(1.) The Lower Courts in considering the question of possession have proceeded on the footing that the plaintiff should have had adverse possession for 30 years before suit before he could acquire title to the street space encroached upon against the Municipality of Srirangam. It is clear that if he had had possession for 19 years before the Limitation Amendment Act of 1900 came into force, that possession was sufficient to have given him a clear title as against the Municipality.
(2.) On the question whether under Section 168 of the District Municipalities Act the Municipal Council was entitled to remove the projections and encroachments, even though the plaintiff had acquired full title to them and to the site on which the encroachment show, I have had serious doubts. In the case of Basawaswara Swami v. Bellary Municipal Council (1912) 23 M.L.J. 479 the Government was a party to the suit and their title was not lost. Further. the adverse title established there did not relate to the whole cubic space of the street belonging to the Municipality but only to the upper space portion situated over a drain space which still continued vested in the Municipality. An erection which has become lawful by adverse possession might still be an obstruction or encroachment so far as the drain space beneath it (such drain space coming under the definition of " street") is concerned. But where the whole entire space forming a portion of the street vested in the Municipality has been effectively occupied and acquired by adverse possession against the Municipality, the whole of such space ceases to be a street, and the original encroachment or obstruction can no longer, it seems to me, be called an encroachment or obstruction in the street, because the street space encroached upon has wholly ceased to be a street.

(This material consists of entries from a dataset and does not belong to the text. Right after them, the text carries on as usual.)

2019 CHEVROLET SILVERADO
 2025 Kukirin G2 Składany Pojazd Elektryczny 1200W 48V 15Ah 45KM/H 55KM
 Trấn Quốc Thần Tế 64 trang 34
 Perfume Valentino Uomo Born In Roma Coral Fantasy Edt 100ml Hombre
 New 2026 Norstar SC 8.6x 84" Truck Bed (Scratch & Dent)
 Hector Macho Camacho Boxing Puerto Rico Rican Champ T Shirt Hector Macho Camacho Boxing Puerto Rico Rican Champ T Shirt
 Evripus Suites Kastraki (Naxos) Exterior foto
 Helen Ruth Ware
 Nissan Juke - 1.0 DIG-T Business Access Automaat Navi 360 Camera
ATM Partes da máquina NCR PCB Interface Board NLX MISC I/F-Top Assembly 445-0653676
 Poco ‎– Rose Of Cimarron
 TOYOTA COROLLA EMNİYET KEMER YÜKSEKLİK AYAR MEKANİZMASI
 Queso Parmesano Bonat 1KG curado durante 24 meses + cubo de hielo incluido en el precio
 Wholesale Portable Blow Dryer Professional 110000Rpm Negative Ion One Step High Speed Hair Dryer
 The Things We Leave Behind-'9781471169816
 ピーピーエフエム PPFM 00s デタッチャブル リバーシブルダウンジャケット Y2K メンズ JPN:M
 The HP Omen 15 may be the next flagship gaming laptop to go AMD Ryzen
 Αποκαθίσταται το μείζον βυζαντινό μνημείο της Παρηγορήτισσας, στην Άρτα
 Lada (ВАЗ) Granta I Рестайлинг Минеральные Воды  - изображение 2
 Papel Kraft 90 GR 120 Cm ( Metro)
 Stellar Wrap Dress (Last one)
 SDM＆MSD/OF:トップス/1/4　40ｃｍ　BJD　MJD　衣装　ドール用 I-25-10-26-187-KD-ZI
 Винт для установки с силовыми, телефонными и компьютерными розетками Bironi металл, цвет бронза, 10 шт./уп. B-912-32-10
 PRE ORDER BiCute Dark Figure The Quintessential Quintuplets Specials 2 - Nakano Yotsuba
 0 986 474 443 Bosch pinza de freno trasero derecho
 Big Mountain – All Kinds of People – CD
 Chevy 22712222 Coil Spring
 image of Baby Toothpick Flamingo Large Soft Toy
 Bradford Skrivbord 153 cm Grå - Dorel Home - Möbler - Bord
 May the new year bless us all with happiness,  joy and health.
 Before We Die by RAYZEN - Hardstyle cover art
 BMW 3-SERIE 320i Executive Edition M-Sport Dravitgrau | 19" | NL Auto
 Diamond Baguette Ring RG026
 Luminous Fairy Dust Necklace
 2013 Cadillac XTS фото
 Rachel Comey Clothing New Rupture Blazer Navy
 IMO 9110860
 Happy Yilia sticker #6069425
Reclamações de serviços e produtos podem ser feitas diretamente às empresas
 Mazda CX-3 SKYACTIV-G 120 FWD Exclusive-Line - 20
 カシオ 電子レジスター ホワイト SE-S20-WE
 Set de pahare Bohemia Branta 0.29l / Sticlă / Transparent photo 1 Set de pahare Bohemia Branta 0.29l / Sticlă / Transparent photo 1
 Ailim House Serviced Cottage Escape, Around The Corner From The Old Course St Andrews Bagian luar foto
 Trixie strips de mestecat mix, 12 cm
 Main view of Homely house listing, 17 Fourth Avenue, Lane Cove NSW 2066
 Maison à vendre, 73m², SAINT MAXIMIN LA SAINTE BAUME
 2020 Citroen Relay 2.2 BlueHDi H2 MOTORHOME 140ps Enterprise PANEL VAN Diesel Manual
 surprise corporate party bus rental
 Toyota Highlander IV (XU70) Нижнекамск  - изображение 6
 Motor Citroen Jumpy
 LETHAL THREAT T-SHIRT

(3.) I would distinguish the present case from Basweswara Swami v. Bellary Municipal Council (1912) 23 M.L.J. 479 on this ground, though I must admit that the observations in the judgments delivered in that case (especially that of my learned brother Sundara Aiyar J.) are put on the broad ground that the acquisition of title by adverse possession and the loss of title in the Municipality has nothing to do with the Municipality s power under Section 168 to remove encroachments because Clause (3) of Section 168 provides for compensation for the removal of lawful encroachments by the Municipality. I might, however, be permitted to remark that Clause (3) relates only to encroachments lawfully made (evidently licence) under Section 67 and not to encroachments which were unlawful when made but the title to the space covered by which encroachments have become indefeasible by adverse possession.